4 ヱホバかの集會の日に山において火の中より汝らに告たるその十誡を前に書したるごとくその板に書し而してヱホバこれを我に授けたまへり
Toen schreef Hij op de tafelen, naar het eerste schrift, de tien woorden, die de HEERE, ten dage der verzameling, op den berg, uit het midden des vuurs, tot ulieden gesproken had; en de HEERE gaf ze mij.
5 是に於て我身を轉らして山より下りその板を我が造りしかの櫃に蔵めたり今なほその中にありヱホバの我に命じたまへる如し
En ik keerde mij, en ging af van den berg, en legde de tafelen in de kist, die ik gemaakt had; en aldaar zijn zij, gelijk als de HEERE mij geboden heeft.

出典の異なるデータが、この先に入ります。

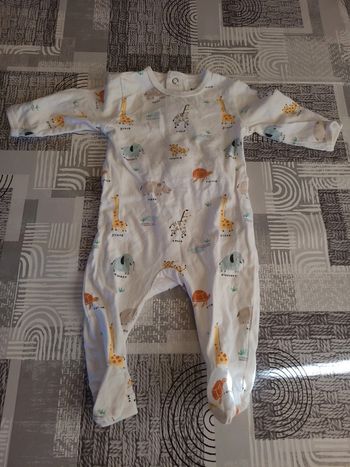 Pyjama 3 mois mixte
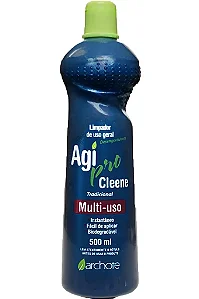 Limpador Multiuso Agipro Cleene Tradicional 500 Ml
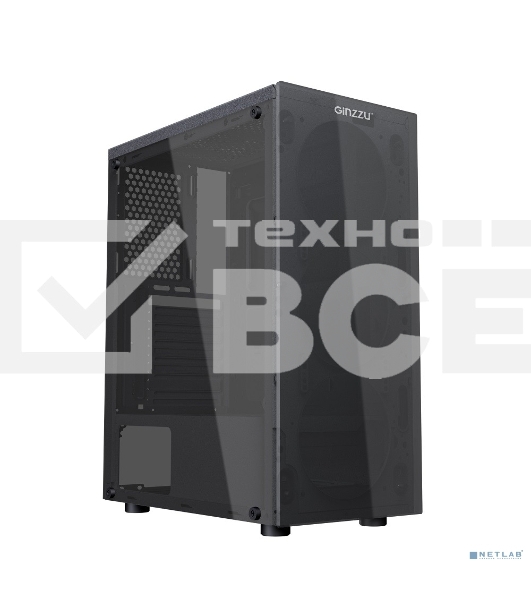 Компьютерный корпус Ginzzu SL190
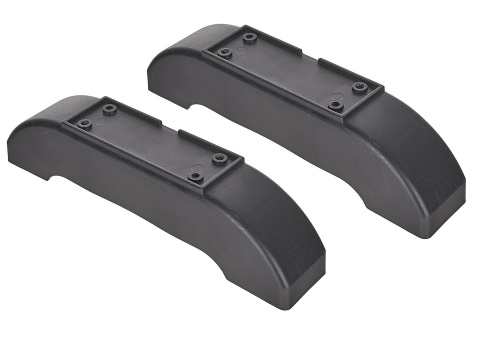 Grzejnik konwektorowy czarny z termostatem 2000W (1)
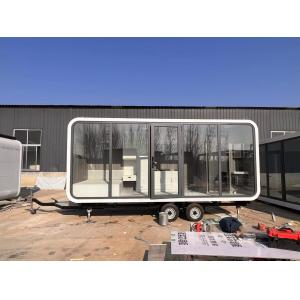 Portable Starry Sky Room Capsule House Expandable Container Apple Cabin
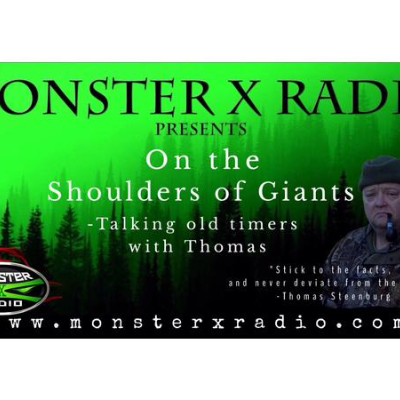 episode Filmmaker Aleksandar Petakov joins "On the Shoulders of Giants!" artwork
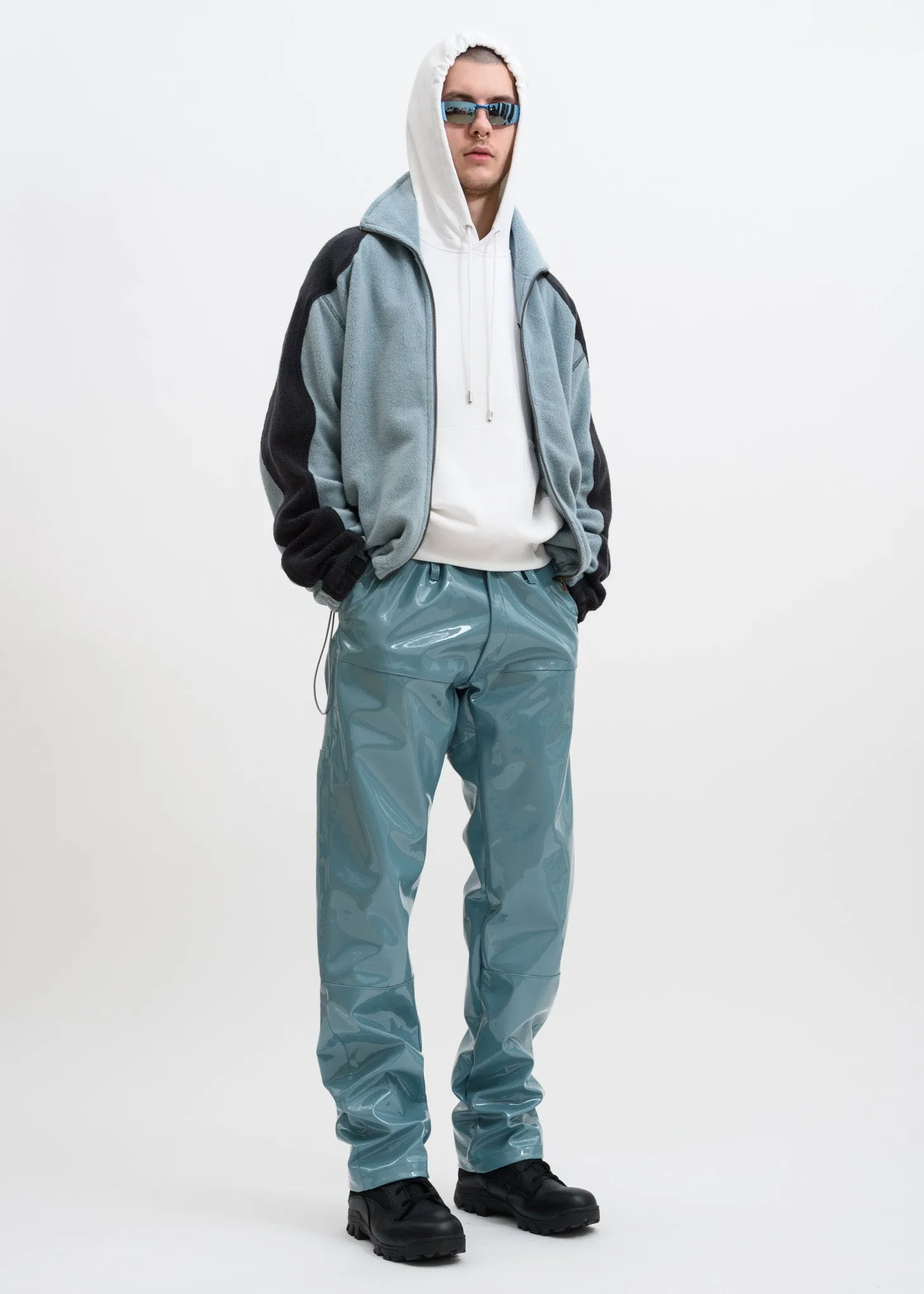 White Dan Hoodie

6 斯てイスラエルの子孫はヤカン人の井より出たちてモセラにいたれりアロン其處に死て其處に葬られその子エレアザルこれに代りて祭司となれり
(En de kinderen Israels reisden van Beeroth-Bene-jaakan en Mosera. Aldaar stierf Aaron, en werd aldaar begraven; en zijn zoon Eleazar bediende het priesterambt in zijn plaats.
7 又其處より出たちてグデゴダにいたりグデゴダより出たちてヨテバにいたれりこの地には水の流多かりき
Van daar reisden zij naar Gudgod, en van Gudgod naar Jotbath, een land van waterbeken.)
8 かの時ヱホバ、レビの支派を區分てヱホバの契約の櫃を舁しめヱホバの前に立てこれに事へしめ又ヱホバの名をもて祝することを爲せたまへり其事今日にいたる
Ter zelver tijd scheidde de HEERE den stam Levi uit, om de ark des verbonds des HEEREN te dragen, om voor het aangezicht des HEEREN te staan, om Hem te dienen, en om in Zijn Naam te zegenen, tot op dezen dag.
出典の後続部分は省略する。